By Arshad Mahmud, The Guardian, Monday 1 July 2002

Amid tears and anger the authorities yesterday closed the shutters of Bangladesh's biggest jute mill in the face of mounting losses caused by inefficiency, mismanagement and corruption.

The closure of Adamjee jute mill in Narayanganj, about 14 miles south east of the capital Dhaka, has not only plunged nearly 30,000 employees into deep uncertainty but it has also brought an end to an era that was associated with the founding of the industry by a Pakistani industrialist in 1949.

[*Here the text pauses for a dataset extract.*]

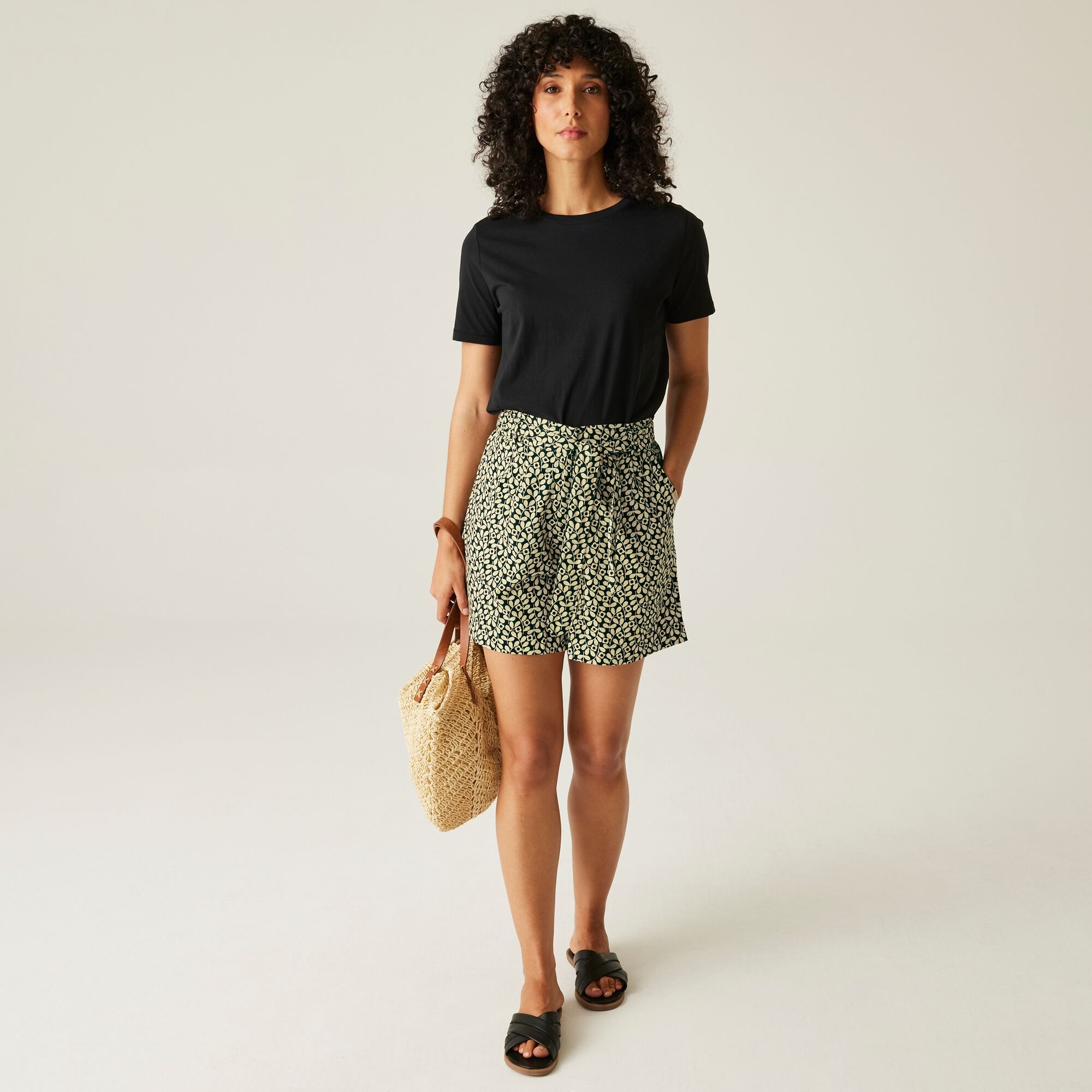 Orla Kiely Summer II Shorts | Jasmine Flower Black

The industry has already undergone huge upheaval. Jute, used to make rope, was once crucial to Scotland's economy, in particular Dundee which was once known for jute, jam and journalism. Now an entire township, Adamjeenagar, named after the Pakistani owner, is affected. Adamjee's jute mill was regarded as a success until it was nationalised after Bangladesh's independence in 1971. The mill began incurring losses after 1973, largely because of inefficiency and corruption by a nexus of union leaders and management.

Some economists and independent observers believe it was part of a conspiracy to “destroy the jute industry” by the international lobby aimed at making Bangladesh perpetually dependent on foreign aid. With 3,200 looms situated over an area of 300 acres of land the jute mill had become the largest not only in the then Pakistan but also in Asia.

“The mill has sustained a loss of more than taka 12000m (£150m) in the past 30 years,” said Hafizuddin Ahmed, the jute minister. “The nation is simply unable to carry the burden any more”.

Weeping workers and their families left the mill area in trucks, pick-ups and rickshaw vans with their belongings yesterday but they seemed to resent the government decision.

Fearing a backlash the authorities quickly deployed more than a thousand police and paramilitary forces to meet any violence.

The government has announced severance pay for regular workers.